Every year on International Women's Day, the world pauses to remember the women of the world. The global day marks a call to action for accelerating gender parity – but also to celebrate the social, economic, cultural, and political achievements of women.

min read

Every year on International Women's Day, the world pauses to remember the women of the world. The global day marks a call to action for accelerating gender parity – but also to celebrate the social, economic, cultural, and political achievements of women. This year's theme, #BreakTheBias, calls on us all to challenge the misconceptions and prejudices commonly aimed at women around the world.

A world free of bias, stereotypes, and discrimination.

A world that is diverse, equitable, and inclusive.

A world where difference is valued and celebrated.

Together we can forge women's equality.

Collectively we can all #BreakTheBias.

At Yext, we have a collective of inspiring female colleagues all across the globe. There couldn't be a more relatable theme to share what being a woman working in tech looks like. This year we have picked six contributors across various roles to share their thoughts directly on small businesses they support, their book recommendations, their biggest inspirations and how they #BreakTheBias every day.

Charli Rogers, SCP, EMEA Client Success & Strategy

What is your role at Yext?

I'm the Senior Vice President, EMEA Customer Success and Strategy. Essentially, I run the teams who own the relationship with our customers, and help them to bring the value of Yext to life, working closely with Yext Services, Sales and Support teams across our business.

Have you experienced any bias previously in your work life — and how did you overcome it?

Yes, I have. I once received an email from a former colleague who was looking to fill a leadership position in his new company; he said if I wasn't already pregnant again, he'd like to discuss the role with me. That is not the only example of approaches which I've received about roles where the hiring person has asked (directly or indirectly) about my intention to continue to grow my family. I see these moments as an opportunity to relish, first to highlight why this is inappropriate, and also to educate those hiring managers on all of the many positives of having female leaders in place.

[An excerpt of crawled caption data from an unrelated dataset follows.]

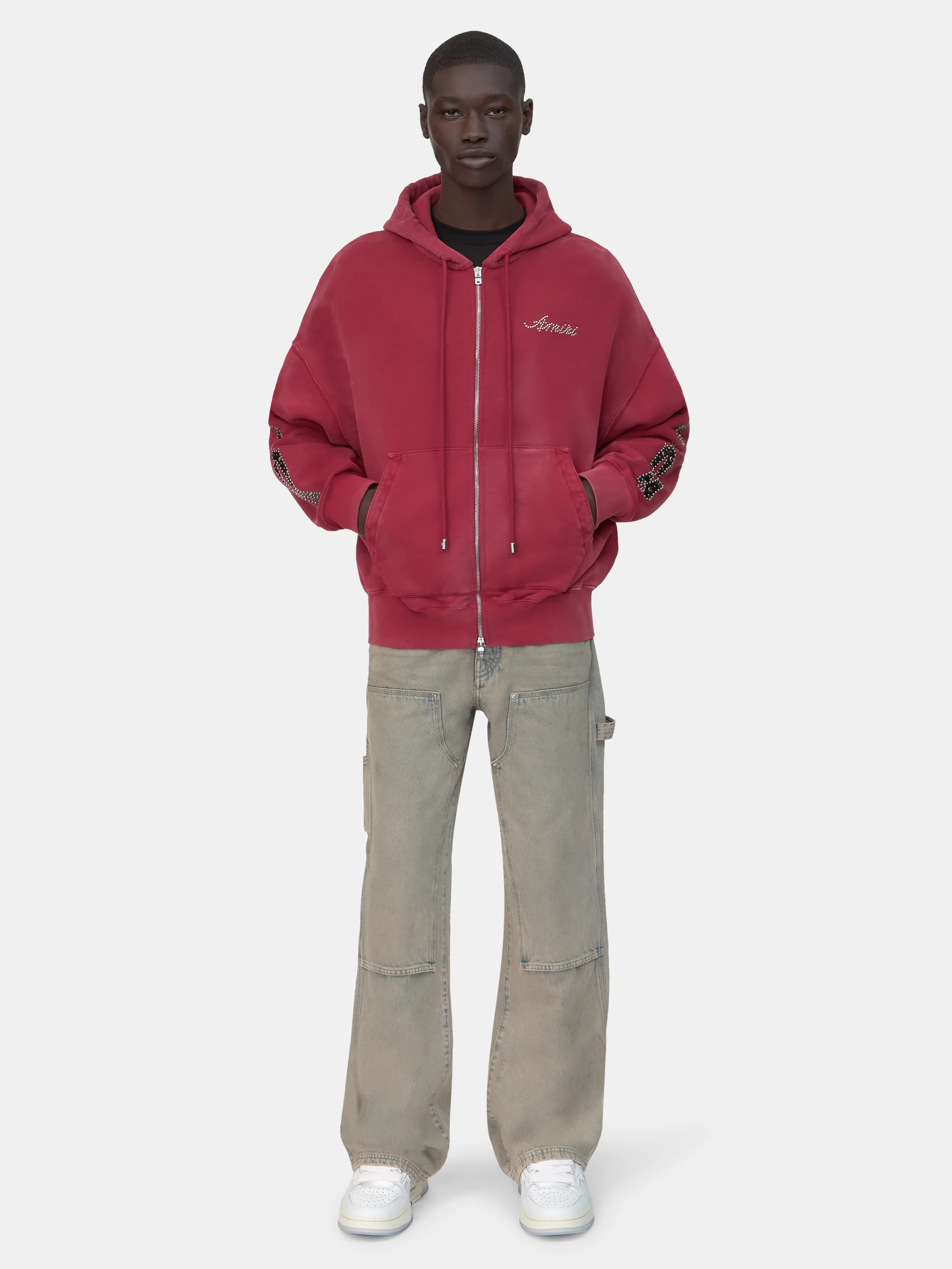 BONES STUDDED OVERSIZED ZIP HOODIE - Red Rose - Image 2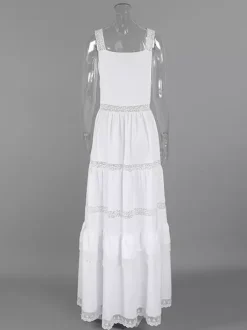 Robe longue bohème à volants pour femme - Robe d'été chic en dentelle blanche à encolure carrée - Vacances d'été à la plage 2026
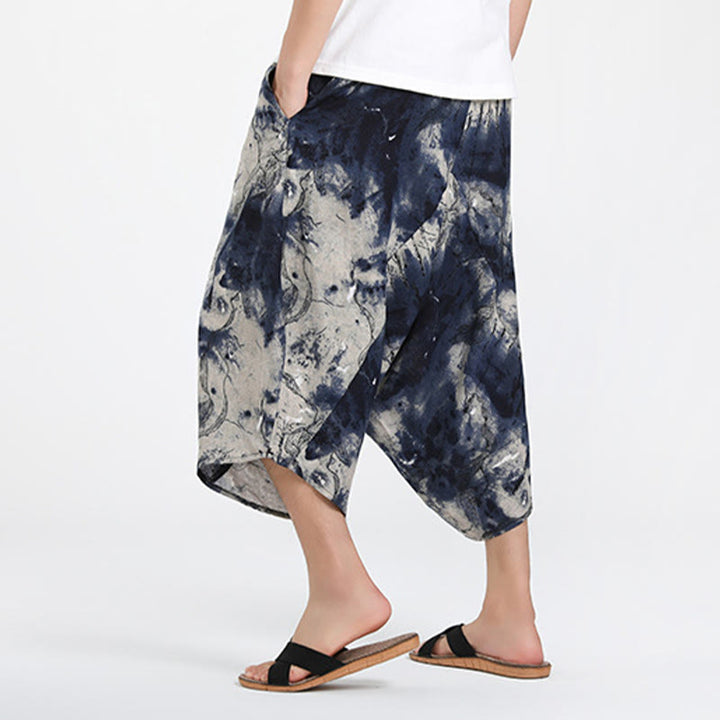 Buddha Stones Sommerliche Boho-Caprihose mit Kordelzug, abstraktem geometrischem Muster und Tasche - image 36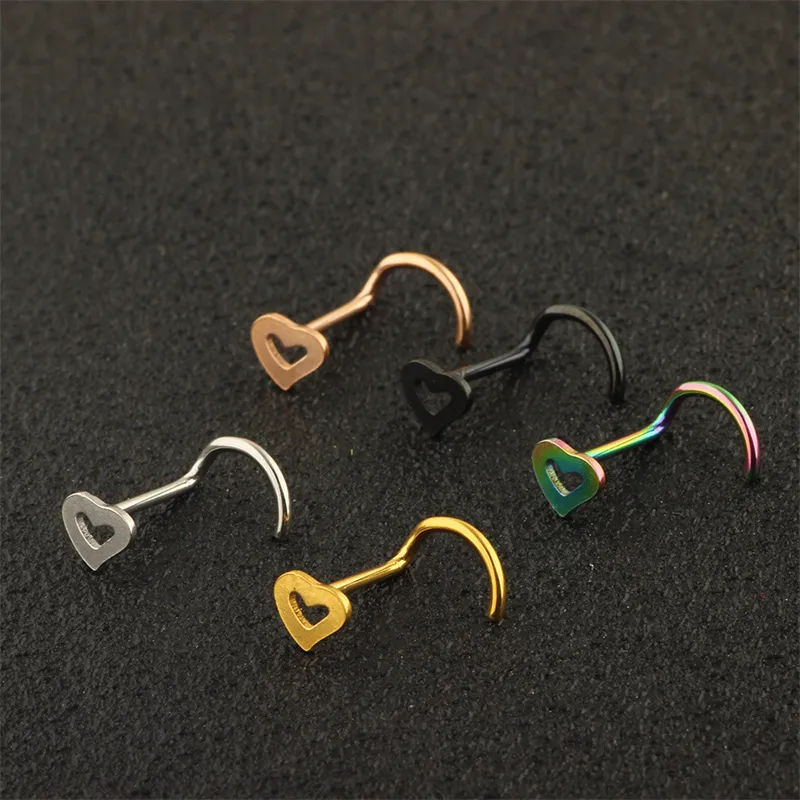 Studi naso in acciaio inossidabile alla moda Forma del cuore Anelli Multicolore Ganci Piercing Piercing Piercings Gioielli6192496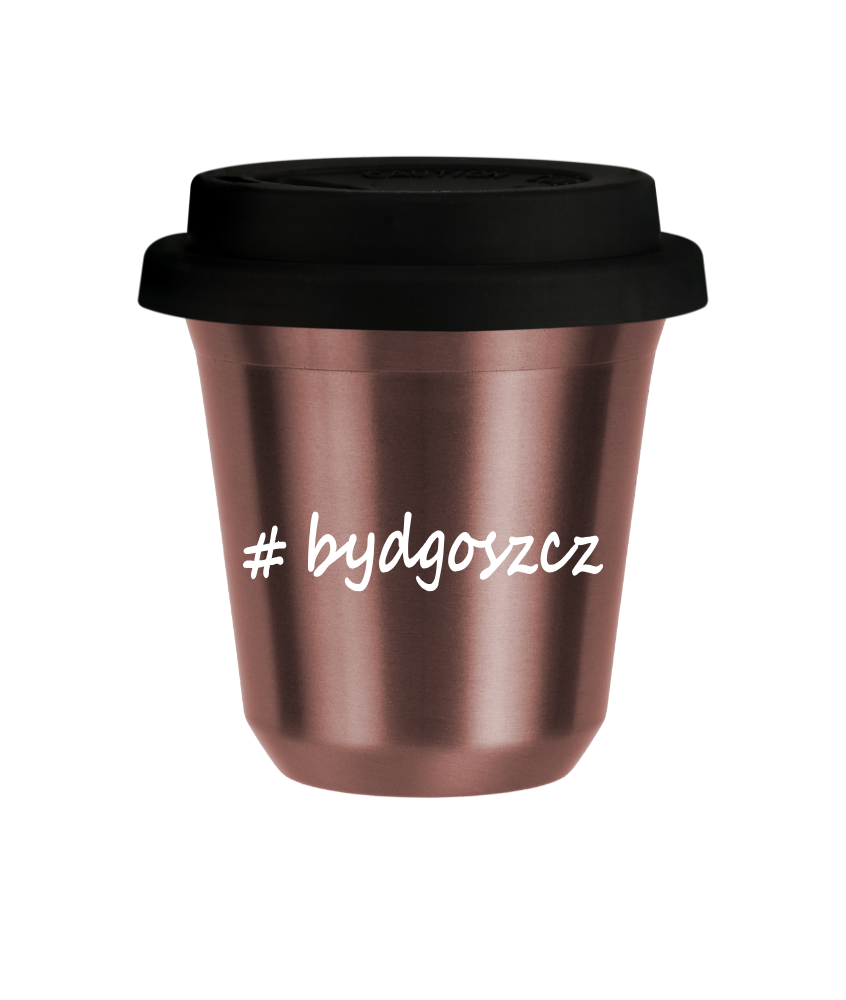 Tasse 240 ml OR ROSE "Bydgoszcz", avec couvercle noir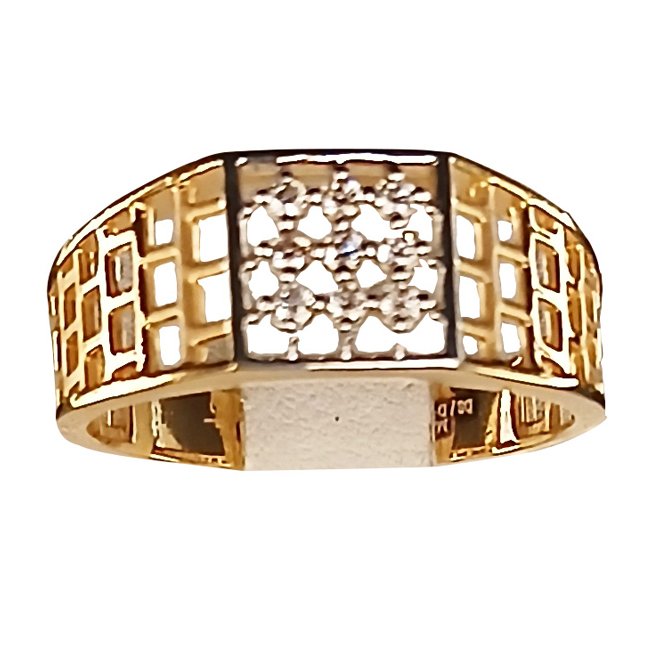 18 KT GENTS DIAMOND FINGER RING 14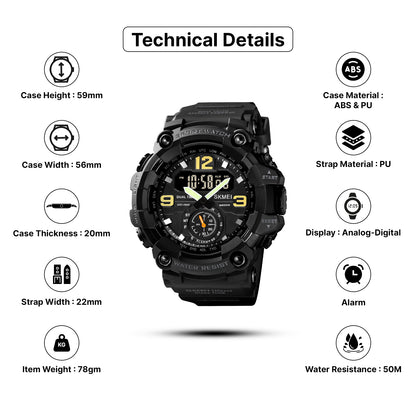 Skmei Analog-Digital Dial PU Strap Watch for Men - 1637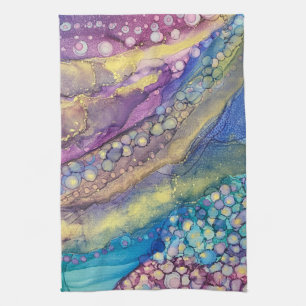Colourful Dots Alcohol Ink Liquid Abstract Art 2 Kitchen Towel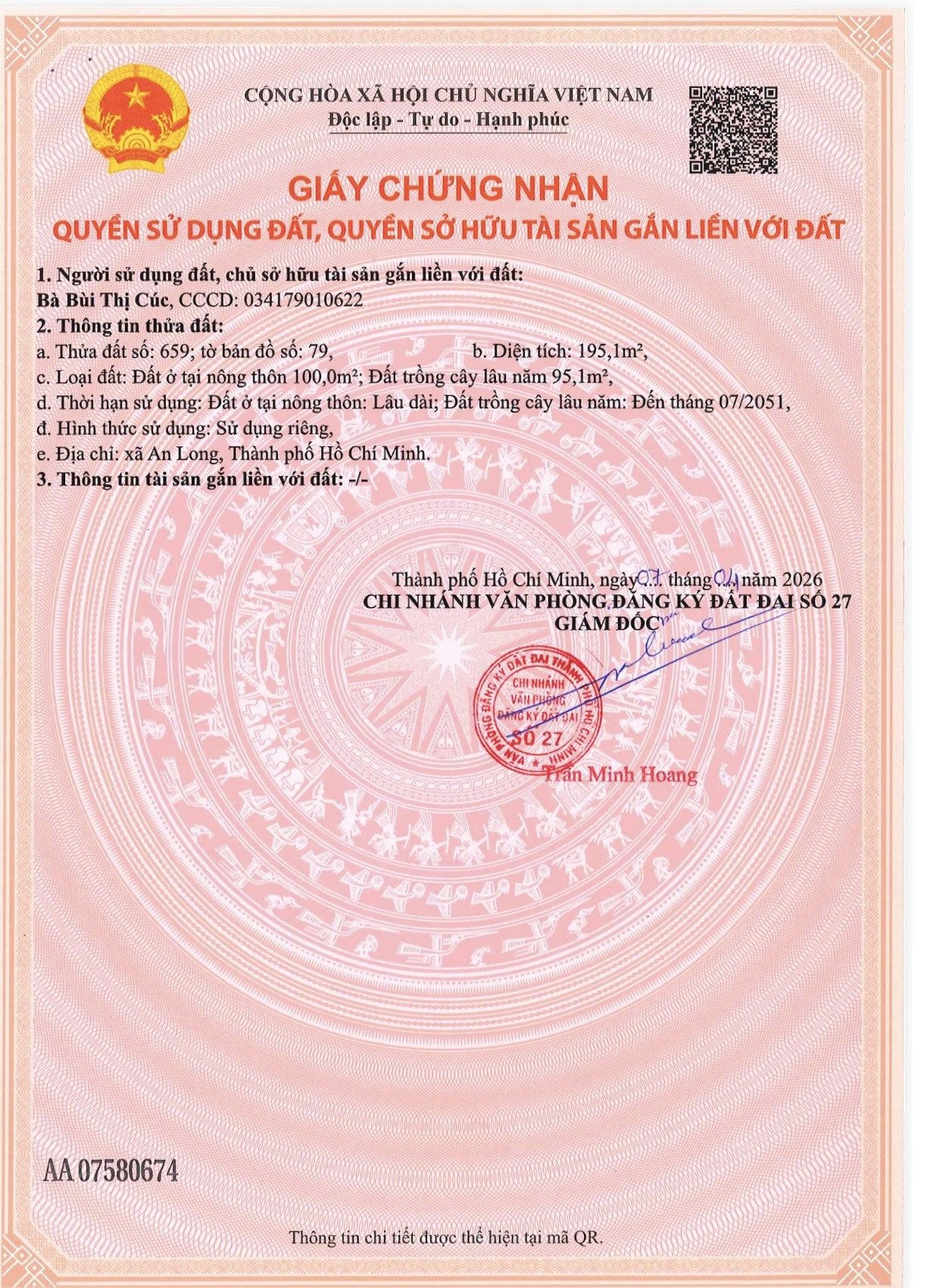 Bán Đất 200m² thổ cư 100m² giá 300 triệu tại Xã An Thái Huyện Phú Giáo Bình Dương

This year's theme is #BreakTheBias. What does IWD mean to you?

We all (women and men) have a voice to use, and it's a positive thing that we are being encouraged to use them more. That said, I still want to see more initiative and awareness at the highest levels in business around taking action to make the workplace a place where everyone can thrive equally. From a gender perspective, and as a mother of two young boys, I am particularly passionate about initiatives related to flexible working , and fostering a less traditional copy-and-paste approach to hiring. I have lost count of how many times I've heard that it's much harder to hire and/or develop female sales executives "because they are just not out there in the market". My response to that position is that we need to start looking in different places for those profiles. Doing the same thing over and over is the very definition of insanity – we (businesses and hiring managers) need to change our approach in order to change the profile of the talent in our organizations.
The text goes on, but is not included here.